September 30 at 9:00 AM

 

Don’t look now, but the federal government is introducing big changes in a few days for anyone who is finalizing purchase of a house. The Real Estate Settlement Procedures Act (RESPA), which governs disclosure rules on home closings, becomes official on Monday.

These new rules will have a major impact on banks, lenders and real estate and title companies — many of whom are not ready for the changes — and on consumers who will have more time to review and understand the fees they are charged when then they apply for a real estate loan.

While the rules start on Saturday, enforcement won’t begin until Monday.

Real estate sales contracts signed before Saturday will be grandfathered in.

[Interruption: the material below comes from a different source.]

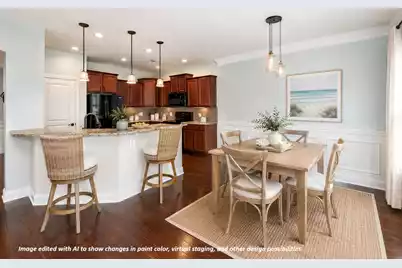 477 Eastern Isle Avenue, Summerville, SC 29486 - Photo 9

Originally set to take effect in August, the official start date was extended to Oct. 3 as a result of the delay in notifying service providers of the coming changes by the U.S. Department of Housing and Urban Development (HUD). There continues to be a mad scramble in the industry to get up to speed, as many lenders are still sending notifications to title companies to be added to their approved providers to verify that they are certified in best practices. A rough estimate is that about a quarter of service providers aren’t yet ready to follow the new procedures.

Banks and lenders are worried about the stiff fines that will be assessed for violation of the new rules, from $5,000 for unintentional mistakes to up to $1 million for flagrant, willful violations.

RESPA is aimed at helping consumers understand the voluminous pile of paperwork they must sign at home settlement. It also requires that buyers receive disclosures at various times in the real estate transaction.

The Oct. 3 changes represent a new integrated disclosure rule enforced by the Consumer Financial Protection Bureau (CFPB). Interest rate and closing costs — everything the home buyer should expect to pay at settlement — will be broken down into a new format that is easier for the consumer to understand.